Despite these limitations, shared library backward compatibility is an important issue. Using symbol versions to ensure backward compatibility requires a careful and rigorous approach. You must start by applying a version to every symbol. If a symbol in the shared library does not have a version, then it is impossible to change it in a backward compatible fashion. Then you must pay close attention to the ABI of every symbol. If the ABI of a symbol changes for any reason, you must provide a copy which implements the old ABI. That copy should be marked with the original version. The new symbol must be given a new version.

The ABI of a symbol can change in a number of ways. Any change to the parameter types or the return type of a function is an ABI change. Any change in the type of a variable is an ABI change. If a parameter or a return type is a struct or class, then any change in the type of any field is an ABI change–i.e., if a field in a struct points to another struct, and that struct changes, the ABI has changed.

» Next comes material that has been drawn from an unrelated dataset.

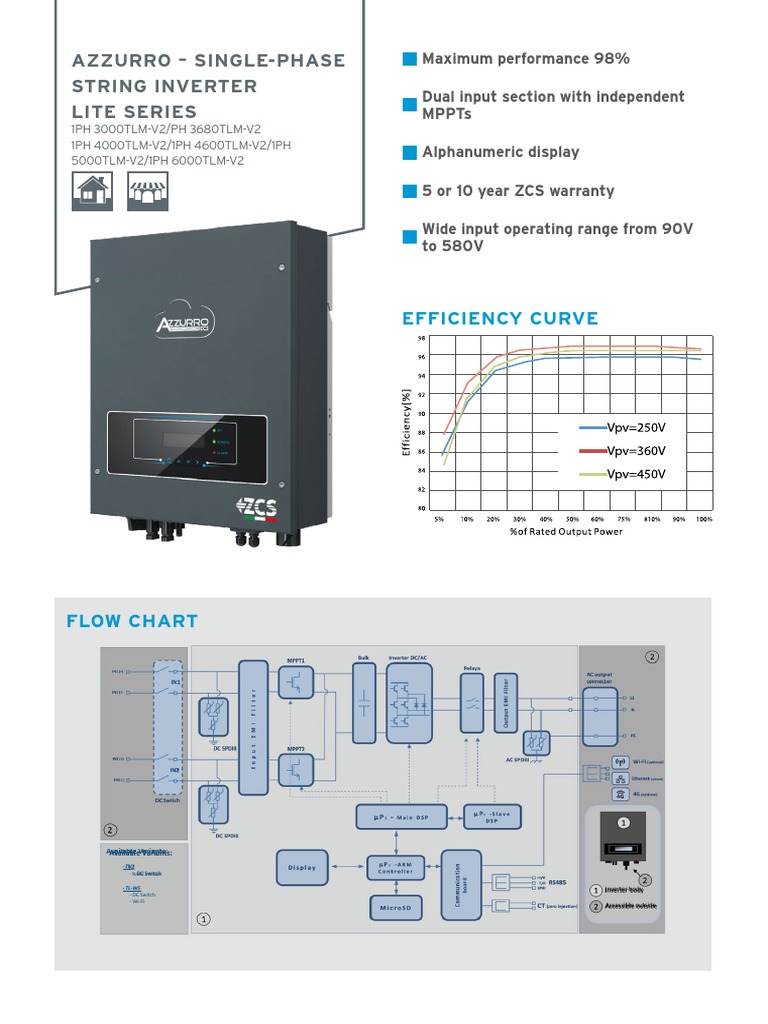 Datasheet ZCS 1PH 3000 6000TLM V2 EN | PDF | Power Inverter | Mains ...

If a function is defined to return an instance of an enum, and a new value is added to the enum, that is an ABI change. In other words, even minor changes can be ABI changes. The question you need to ask is: can existing code which has already been compiled continue to use the new symbol with no change? If the answer is no, you have an ABI change, and you must define a new symbol version.

You must be very careful when writing the symbol implementing the old ABI, if you don’t just copy the existing code. You must be certain that it really does implement the old ABI.

There are some special challenges when using C++. Adding a new virtual method to a class can be an ABI change for any function which uses that class. Providing the backward compatible version of the class in such a situation is very awkward–there is no natural way to specify the name and version to use for the virtual table or the RTTI information for the old version.

Naturally, you must never delete any symbols.

Getting all the details correct, and verifying that you got them correct, requires great attention to detail. Unfortunately, I don’t know of any tools to help people write correct version scripts, or to verify them. Still, if implemented correctly, the results are good: existing executables will continue to run.

Static Linking vs. Dynamic Linking

There is, of course, another way to ensure that existing executables will continue to run: link them statically, without using any shared libraries. That will limit their ABI issues to the kernel interface, which is normally significantly smaller than the library interface.

There is a performance tradeoff with static linking. A statically linked program does not get the benefit of sharing libraries with other programs executing at the same time. On the other hand, a statically linked program does not have to pay the performance penalty of position independent code when executing within the library.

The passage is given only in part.